A common case we see is that a read request can be served well less than 3 sec (could be just subsecond). And it is a wait of time to wait 3 seconds and let another bunch of 256 clients read the same block. So we propose the following change in the DFSClient to introduce a random factor to the wait time. So instead of being a fixed value 3000 as the wait time, it becomes the following formular:
waitTime = 3000 * failures + 3000 * (failures + 1) * rand(0, 1);
where failures is the number of failures (starting from 0), and rand(0, 1) returns a random double from 0.0 to 1.0.
The rationale behind this formula is as follows:
1) At the first time getting a BlockMissingException, the client waits a random time from 0-3 seconds and retry. If the block read can be served very quickly, the client get get it faster than always waiting for 3 sec. Also by distributing all clients evenly in the 3 sec window, more clients will be served for this round of retry.
2) If the client still get the same exception and retry at the second time, it may be because the read is too slow or the number of requests are too large and the client is not lucky to ensure a spot in the last retry.
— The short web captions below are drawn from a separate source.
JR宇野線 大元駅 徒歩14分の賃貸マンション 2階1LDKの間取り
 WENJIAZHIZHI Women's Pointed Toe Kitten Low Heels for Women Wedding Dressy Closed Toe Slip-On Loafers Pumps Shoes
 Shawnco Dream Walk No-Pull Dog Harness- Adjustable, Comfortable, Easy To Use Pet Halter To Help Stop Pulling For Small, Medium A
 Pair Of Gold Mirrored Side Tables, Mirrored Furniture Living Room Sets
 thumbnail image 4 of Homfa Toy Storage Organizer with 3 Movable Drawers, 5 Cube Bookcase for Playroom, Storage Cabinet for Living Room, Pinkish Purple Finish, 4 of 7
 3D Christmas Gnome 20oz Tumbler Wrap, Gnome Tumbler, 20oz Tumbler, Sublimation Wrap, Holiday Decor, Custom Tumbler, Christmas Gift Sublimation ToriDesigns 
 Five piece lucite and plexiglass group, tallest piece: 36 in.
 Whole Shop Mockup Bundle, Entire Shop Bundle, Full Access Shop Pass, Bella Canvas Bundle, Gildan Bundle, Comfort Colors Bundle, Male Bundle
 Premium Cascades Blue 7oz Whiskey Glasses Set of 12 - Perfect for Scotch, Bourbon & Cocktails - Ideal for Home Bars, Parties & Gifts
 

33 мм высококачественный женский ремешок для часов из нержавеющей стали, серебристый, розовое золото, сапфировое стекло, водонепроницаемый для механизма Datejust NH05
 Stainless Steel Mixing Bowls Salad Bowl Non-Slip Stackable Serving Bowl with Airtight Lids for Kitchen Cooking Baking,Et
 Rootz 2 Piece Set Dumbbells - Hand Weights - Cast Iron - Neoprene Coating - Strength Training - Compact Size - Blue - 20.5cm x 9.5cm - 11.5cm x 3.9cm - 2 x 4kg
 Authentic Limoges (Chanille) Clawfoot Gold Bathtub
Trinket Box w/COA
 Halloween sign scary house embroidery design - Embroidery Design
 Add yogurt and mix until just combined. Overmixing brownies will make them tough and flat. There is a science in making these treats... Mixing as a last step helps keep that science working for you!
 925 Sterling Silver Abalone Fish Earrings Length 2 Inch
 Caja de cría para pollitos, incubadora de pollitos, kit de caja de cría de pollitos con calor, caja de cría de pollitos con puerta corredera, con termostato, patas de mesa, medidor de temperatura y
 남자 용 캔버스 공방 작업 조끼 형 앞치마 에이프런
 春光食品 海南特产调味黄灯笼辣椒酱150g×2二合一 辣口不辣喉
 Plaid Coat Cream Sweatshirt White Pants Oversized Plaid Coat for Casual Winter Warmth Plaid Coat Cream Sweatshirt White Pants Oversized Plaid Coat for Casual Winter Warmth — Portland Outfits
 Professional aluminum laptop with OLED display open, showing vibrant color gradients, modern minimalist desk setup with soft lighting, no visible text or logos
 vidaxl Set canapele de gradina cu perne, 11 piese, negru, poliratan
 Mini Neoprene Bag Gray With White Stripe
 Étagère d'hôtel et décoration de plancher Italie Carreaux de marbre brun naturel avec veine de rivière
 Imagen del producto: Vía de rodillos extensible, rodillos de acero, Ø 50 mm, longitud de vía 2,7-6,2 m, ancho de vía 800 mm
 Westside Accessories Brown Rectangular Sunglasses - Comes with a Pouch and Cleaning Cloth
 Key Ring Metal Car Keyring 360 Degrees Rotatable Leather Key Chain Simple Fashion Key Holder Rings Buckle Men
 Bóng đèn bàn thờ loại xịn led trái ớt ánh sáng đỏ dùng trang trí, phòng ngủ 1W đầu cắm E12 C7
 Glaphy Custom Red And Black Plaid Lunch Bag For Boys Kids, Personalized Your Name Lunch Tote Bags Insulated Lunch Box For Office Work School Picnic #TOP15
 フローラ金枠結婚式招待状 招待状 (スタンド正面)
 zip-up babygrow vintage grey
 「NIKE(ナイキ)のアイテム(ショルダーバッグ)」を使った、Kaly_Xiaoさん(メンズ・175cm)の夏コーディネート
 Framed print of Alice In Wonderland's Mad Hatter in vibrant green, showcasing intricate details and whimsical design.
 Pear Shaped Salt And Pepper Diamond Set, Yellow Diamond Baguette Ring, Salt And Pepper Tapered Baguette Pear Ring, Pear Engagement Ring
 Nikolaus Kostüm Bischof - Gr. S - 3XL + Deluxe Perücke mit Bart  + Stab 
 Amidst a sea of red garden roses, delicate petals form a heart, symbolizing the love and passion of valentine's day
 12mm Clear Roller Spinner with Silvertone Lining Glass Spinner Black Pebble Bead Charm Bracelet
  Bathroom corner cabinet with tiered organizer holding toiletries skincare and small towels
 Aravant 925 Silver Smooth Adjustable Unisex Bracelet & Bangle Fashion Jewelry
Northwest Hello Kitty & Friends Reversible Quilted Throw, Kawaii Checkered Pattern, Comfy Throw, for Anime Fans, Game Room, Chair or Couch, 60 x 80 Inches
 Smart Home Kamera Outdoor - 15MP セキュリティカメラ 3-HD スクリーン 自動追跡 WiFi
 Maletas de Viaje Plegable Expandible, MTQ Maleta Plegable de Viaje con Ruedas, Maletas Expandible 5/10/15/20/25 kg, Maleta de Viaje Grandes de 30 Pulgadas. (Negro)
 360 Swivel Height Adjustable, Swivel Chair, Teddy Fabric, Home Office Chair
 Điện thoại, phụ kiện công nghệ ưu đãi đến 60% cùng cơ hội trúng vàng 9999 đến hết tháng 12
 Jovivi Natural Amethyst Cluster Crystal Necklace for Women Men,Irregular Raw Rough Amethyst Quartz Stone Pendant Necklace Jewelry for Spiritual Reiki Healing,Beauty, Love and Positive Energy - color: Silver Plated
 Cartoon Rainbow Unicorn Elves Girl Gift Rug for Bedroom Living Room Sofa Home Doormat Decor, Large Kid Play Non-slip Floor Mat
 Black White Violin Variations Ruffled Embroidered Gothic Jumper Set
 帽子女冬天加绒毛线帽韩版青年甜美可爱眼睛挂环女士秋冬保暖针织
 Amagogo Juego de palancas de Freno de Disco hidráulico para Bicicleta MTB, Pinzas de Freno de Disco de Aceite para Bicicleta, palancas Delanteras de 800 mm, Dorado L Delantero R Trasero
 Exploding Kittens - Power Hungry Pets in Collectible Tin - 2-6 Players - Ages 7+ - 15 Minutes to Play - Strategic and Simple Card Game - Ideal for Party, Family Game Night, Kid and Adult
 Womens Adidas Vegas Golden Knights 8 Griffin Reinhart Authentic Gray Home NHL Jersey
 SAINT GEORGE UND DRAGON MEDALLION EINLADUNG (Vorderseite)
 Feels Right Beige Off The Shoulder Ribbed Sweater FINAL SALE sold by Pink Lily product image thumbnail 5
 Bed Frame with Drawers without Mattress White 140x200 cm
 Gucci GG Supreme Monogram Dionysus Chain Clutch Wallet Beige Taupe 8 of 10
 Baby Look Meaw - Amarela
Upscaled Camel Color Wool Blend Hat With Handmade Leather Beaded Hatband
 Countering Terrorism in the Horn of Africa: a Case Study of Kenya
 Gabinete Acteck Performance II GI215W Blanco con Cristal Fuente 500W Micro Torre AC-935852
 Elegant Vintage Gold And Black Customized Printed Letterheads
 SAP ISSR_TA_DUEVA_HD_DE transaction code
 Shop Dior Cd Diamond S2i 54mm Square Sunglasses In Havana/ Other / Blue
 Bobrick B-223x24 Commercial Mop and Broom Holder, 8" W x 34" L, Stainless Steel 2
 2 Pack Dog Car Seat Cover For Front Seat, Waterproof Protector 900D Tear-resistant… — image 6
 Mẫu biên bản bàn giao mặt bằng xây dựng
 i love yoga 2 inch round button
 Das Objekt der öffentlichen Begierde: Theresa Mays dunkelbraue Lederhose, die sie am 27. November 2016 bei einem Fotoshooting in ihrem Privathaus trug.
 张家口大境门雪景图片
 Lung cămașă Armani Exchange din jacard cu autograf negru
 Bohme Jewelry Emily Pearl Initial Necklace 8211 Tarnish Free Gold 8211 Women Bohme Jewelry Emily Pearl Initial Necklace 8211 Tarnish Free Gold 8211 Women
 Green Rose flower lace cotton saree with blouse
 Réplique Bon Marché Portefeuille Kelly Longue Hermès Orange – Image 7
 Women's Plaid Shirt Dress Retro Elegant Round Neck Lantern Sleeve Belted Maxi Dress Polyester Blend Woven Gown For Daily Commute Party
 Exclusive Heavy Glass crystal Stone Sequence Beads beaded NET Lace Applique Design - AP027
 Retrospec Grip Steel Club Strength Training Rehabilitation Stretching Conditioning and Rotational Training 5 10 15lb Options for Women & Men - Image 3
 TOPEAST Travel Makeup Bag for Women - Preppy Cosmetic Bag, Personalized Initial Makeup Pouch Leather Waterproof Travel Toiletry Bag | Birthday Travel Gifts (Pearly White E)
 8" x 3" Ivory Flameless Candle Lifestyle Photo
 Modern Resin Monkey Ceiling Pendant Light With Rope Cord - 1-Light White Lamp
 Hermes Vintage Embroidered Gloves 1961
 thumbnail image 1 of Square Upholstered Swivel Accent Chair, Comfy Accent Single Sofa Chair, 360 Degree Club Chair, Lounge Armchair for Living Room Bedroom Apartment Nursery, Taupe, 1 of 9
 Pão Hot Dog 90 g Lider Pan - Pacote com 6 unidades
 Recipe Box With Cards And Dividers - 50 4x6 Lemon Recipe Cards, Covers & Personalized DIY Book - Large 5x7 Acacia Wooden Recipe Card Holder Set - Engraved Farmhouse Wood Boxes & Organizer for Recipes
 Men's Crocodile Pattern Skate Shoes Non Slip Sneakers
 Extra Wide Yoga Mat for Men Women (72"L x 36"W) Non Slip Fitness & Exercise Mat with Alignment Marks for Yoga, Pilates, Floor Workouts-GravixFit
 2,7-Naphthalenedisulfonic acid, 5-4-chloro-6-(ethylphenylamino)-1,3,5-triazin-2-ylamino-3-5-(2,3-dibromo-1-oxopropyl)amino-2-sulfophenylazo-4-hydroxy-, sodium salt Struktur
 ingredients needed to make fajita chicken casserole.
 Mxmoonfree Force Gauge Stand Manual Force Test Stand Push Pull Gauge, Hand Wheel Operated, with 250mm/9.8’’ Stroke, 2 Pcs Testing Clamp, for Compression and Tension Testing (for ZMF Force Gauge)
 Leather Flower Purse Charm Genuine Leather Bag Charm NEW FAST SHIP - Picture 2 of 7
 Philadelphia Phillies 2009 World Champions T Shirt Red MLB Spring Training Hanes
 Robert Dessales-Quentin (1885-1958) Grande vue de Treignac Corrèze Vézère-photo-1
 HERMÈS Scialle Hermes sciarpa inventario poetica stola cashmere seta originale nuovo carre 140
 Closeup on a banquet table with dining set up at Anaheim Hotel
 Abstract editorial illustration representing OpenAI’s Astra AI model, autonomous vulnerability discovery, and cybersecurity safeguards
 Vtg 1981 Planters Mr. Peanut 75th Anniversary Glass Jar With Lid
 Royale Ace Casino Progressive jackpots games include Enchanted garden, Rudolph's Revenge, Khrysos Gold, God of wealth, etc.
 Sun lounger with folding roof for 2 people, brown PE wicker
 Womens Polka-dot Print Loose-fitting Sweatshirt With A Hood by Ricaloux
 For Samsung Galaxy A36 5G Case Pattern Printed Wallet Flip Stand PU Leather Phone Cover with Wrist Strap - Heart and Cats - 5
To solve the first problem the second retry will wait 3 seconds before retry to ensure all clients in the first retry has already at least started (and hopefully some of them have already finished). To solve the second problem, we will increase the waiting window to 6 seconds and make sure less conflicts are there for the 3rd retry.
3) Similarly at the 3rd retry, we will wait for 6 second to clean up the waiting window from the 2nd retry and make the waiting window to 9 seconds.
Any comments on the design and proposal for unit test?